Designers face tough choices in cracking complex market
Published 27/07/2015 | 02:30
If Irish shoppers were taken by surprise at the weekend's news that 'the pair off the telly', Sonya Lennon and Brendan Courtney, are taking their brand exclusively to Dunnes Stores, fashion industry professionals here were not.
It's a tough business landscape in the world of independent fashion brands here and Sonya and Brendan came to understand those 'head tilts' they got from designers when the TV style commentators announced three years ago that they were launching their own label.
"Really? Are you sure you want to do this?," was their response.
Five seasons on, Lennon Courtney's clothes have been on the backs of celebrities, endless magazine covers and their AW15 order book was up an impressive 26pc.

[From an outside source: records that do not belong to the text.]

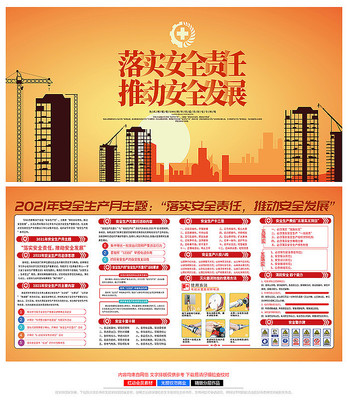 2021�갲ȫ������չ�� PSD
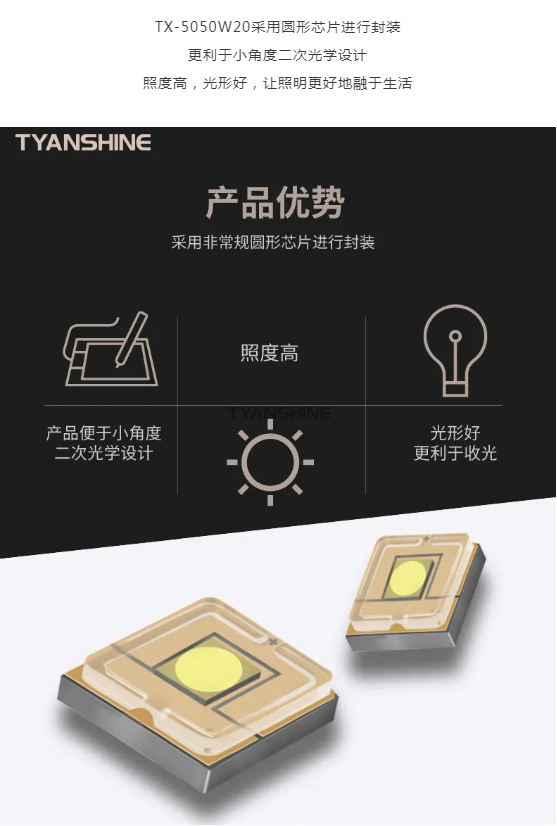 壹定发(中国游)最新官方网站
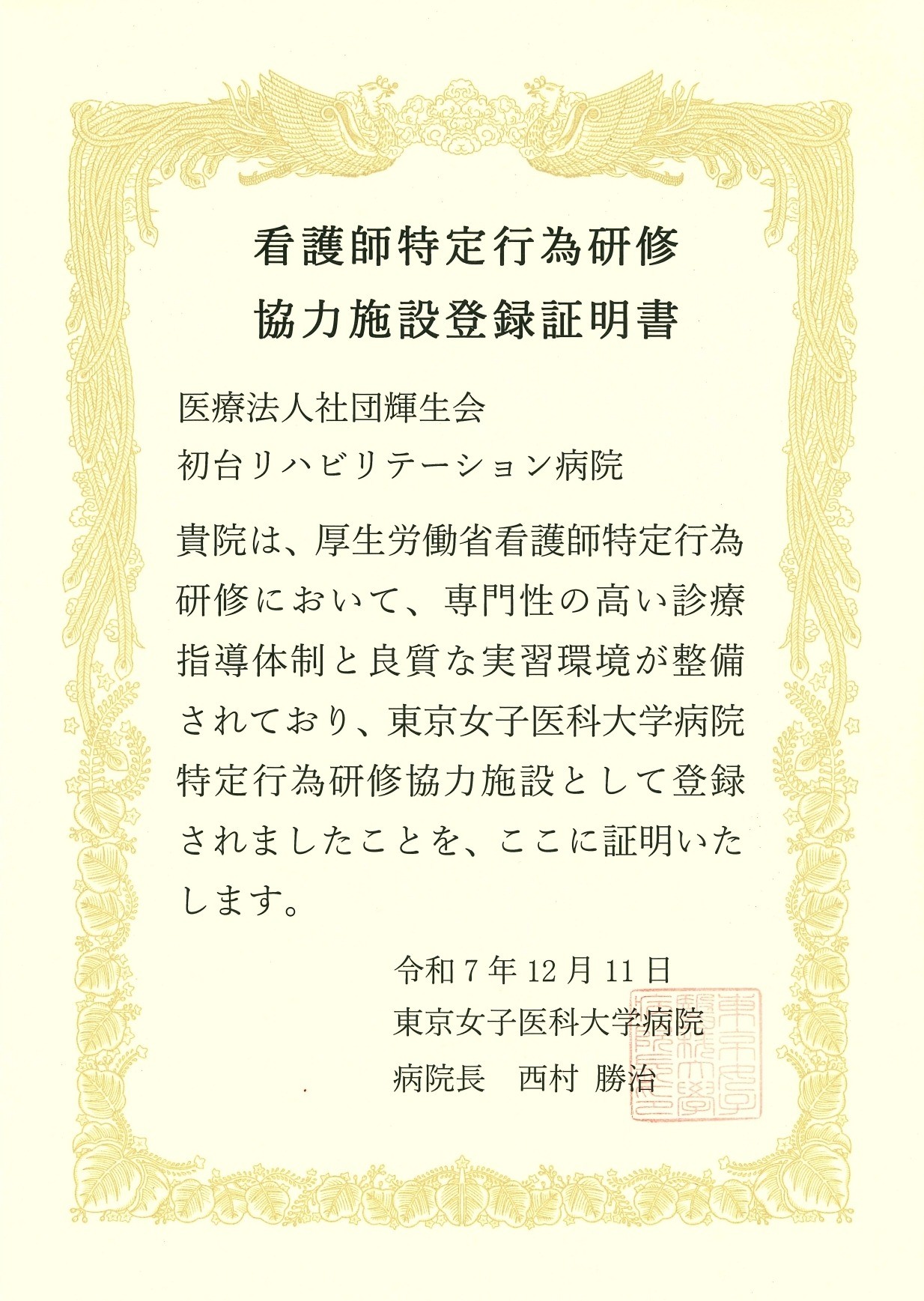 看護師特定行為研修協力施設について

Speaking frankly about the "huge financial pressures" associated with building an independent fashion brand, Sonya said: "Brendan and I built up Lennon Courtney without any external investment and genuinely had not seen any financial return from it in three years.
"You invest to grow a brand which is exactly what we did and as any business will tell you, it takes a minimum of two years to see a return.
"We had choices and had a light-bulb moment after meeting the Dunnes Stores' team. Now we are very excited to be part of their stable of designers, they're kind of an un-ignorable force," said Sonya, confirming that increased production in collaboration with Dunnes means their clothes won't cost as much to buy.
Production is the one word that haunts designers and the pressures of financing independent labels is immense. You have to pay manufacturers up front before they will handle the fabric and again before the garments leave the factory.
Eddie Shanahan who founded the Council of Irish Fashion Designers advises many fledging and established brands on how to respond to the changing market place. There are the subtleties of online versus the brick-and-mortar retailers, and he says designers coming out of college have "little or no business training".
With only a handful of manufacturing services available in Ireland, fashion designers have to "answer that challenge by going abroad," explained Eddie.